That left Rhode Island, with an 87 percent-Democrat legislature, as the most Democratic state, followed by California, New York and Delaware. The most conservative state was South Dakota, with a 90 percent Republican legislature, followed by Wyoming, North Dakota and Idaho.

The stratification of blue states compared to red ones also  is evident in other measures, including race. When it comes to median income, Rhode Island, New York and Connecticut had the largest gap between whites and Hispanics. Six of the 10 blue states had larger gaps between foreign-born residents and whites than every red state

In California, the average foreign-born resident made only one-third of what native-born Californians earned.

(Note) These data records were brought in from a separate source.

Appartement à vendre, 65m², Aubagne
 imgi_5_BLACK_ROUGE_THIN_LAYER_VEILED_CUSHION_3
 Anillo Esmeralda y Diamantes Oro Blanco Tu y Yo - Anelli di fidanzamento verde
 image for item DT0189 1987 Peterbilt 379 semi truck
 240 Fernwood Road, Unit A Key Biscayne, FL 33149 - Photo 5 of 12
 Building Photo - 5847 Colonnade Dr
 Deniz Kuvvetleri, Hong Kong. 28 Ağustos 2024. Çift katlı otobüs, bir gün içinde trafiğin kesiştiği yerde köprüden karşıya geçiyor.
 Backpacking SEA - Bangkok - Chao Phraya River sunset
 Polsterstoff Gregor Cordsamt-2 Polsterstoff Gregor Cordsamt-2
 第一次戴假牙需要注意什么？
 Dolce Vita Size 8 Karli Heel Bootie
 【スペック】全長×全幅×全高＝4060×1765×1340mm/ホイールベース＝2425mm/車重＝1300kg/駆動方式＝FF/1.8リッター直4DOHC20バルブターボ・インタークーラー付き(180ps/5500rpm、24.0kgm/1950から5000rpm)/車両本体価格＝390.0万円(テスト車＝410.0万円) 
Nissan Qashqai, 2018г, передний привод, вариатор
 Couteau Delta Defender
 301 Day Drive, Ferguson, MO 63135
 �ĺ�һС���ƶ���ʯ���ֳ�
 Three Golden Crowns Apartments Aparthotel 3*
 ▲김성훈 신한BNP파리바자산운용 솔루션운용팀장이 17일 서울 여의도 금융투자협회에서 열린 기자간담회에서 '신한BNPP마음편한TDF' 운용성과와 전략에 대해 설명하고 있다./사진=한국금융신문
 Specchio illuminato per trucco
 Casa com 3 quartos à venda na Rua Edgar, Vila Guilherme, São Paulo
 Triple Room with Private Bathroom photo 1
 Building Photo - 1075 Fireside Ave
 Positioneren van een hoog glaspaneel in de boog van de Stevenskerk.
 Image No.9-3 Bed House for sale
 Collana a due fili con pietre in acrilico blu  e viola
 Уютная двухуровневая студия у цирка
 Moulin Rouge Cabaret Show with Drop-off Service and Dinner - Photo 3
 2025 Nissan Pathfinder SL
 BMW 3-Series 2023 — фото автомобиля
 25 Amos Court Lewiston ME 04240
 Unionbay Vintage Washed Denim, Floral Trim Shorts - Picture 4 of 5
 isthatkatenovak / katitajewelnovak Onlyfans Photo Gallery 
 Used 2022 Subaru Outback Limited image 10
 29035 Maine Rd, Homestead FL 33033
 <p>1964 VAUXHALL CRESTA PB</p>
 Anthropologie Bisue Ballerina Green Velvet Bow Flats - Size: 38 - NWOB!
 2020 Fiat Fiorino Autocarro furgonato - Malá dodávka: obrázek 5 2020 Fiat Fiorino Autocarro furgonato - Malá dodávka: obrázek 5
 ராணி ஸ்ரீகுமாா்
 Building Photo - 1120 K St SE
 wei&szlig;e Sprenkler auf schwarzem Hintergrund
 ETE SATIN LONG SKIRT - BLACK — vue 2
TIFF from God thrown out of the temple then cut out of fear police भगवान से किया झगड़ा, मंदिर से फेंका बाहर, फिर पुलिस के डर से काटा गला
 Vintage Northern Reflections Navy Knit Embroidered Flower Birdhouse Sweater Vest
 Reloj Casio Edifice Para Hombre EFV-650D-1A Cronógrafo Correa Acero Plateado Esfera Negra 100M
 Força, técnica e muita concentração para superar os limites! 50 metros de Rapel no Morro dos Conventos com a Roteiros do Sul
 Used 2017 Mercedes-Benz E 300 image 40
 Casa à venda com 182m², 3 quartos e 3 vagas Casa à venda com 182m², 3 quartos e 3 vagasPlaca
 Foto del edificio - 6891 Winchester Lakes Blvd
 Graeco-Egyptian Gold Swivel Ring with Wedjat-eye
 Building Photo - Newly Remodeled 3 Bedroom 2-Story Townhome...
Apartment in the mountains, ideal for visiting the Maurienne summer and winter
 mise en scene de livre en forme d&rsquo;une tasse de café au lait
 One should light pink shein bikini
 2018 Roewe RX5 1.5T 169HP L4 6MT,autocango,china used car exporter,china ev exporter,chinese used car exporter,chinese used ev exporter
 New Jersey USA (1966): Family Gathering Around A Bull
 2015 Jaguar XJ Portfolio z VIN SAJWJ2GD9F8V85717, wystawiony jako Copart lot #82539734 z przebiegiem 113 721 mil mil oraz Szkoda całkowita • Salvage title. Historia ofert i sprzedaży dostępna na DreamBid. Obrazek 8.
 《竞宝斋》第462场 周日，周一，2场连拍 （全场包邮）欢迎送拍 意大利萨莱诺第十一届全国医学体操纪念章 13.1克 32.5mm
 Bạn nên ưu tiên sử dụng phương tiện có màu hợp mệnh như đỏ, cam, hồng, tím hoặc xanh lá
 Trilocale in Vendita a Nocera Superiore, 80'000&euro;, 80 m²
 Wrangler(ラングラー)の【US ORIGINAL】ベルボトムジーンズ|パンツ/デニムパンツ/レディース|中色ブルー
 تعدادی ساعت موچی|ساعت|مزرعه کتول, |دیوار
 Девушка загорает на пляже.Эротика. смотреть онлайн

By contrast, in Idaho, the average black resident made 85 percent as much as the average white person, the closest thing to racial equity of any state. In Indiana, Hispanics made close to 90 percent as much as whites.

In addition, despite liberals’ professed support of the public school system and the Democrat Party’s close relationship with teachers unions, the more liberal a state, the more likely parents are to send their kids to private school rather than public schools. Rhode Island and New York, two of the three most-liberal states, topped the list at more than 26 percent.

The unequal nature of blue states also was visible in education. Every blue state had higher shares of people with graduate degrees than every red state. But blue states also had some of the highest shares of people who did not even graduate high school.